> _What you need to do_: Return every line of the data below exactly, but do not include the images.

> _Data shown_:
──────────

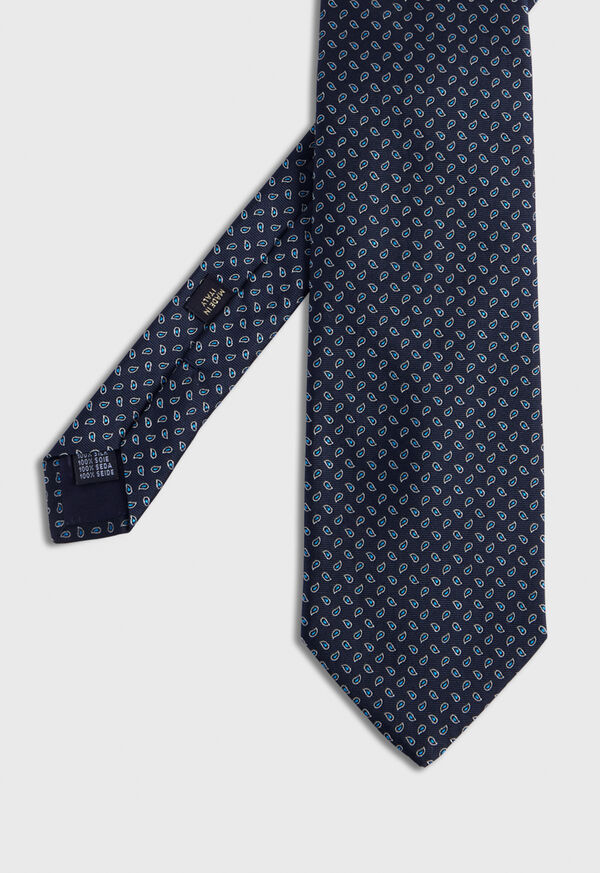 Paul Stuart Woven Silk Micro Pine Motiff Navy | NZ_PAUL25165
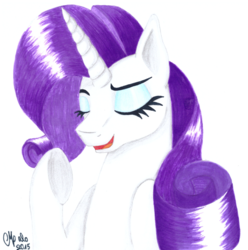 Size: 1240x1252 | Tagged: safe, artist:shadow-nights, rarity, pony, unicorn, g4, eyes closed, eyeshadow, female, makeup, mare, mascara, raised hoof, signature, simple background, smug, solo, traditional art, white background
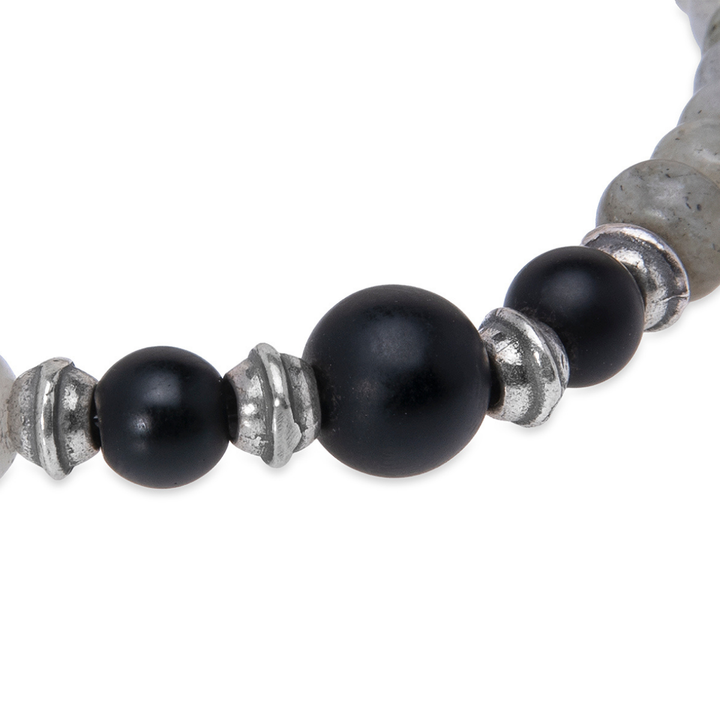 Pulsera de bolas hombre Tsukikage de labradorita y ónix con plata 925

──────────

> _Answer space_:
 Paul Stuart Woven Silk Micro Pine Motiff Navy | NZ_PAUL25165
 Size: 1240x1252 | Tagged: safe, artist:shadow-nights, rarity, pony, unicorn, g4, eyes closed, eyeshadow, female, makeup, mare, mascara, raised hoof, signature, simple background, smug, solo, traditional art, white background
 Pulsera de bolas hombre Tsukikage de labradorita y ónix con plata 925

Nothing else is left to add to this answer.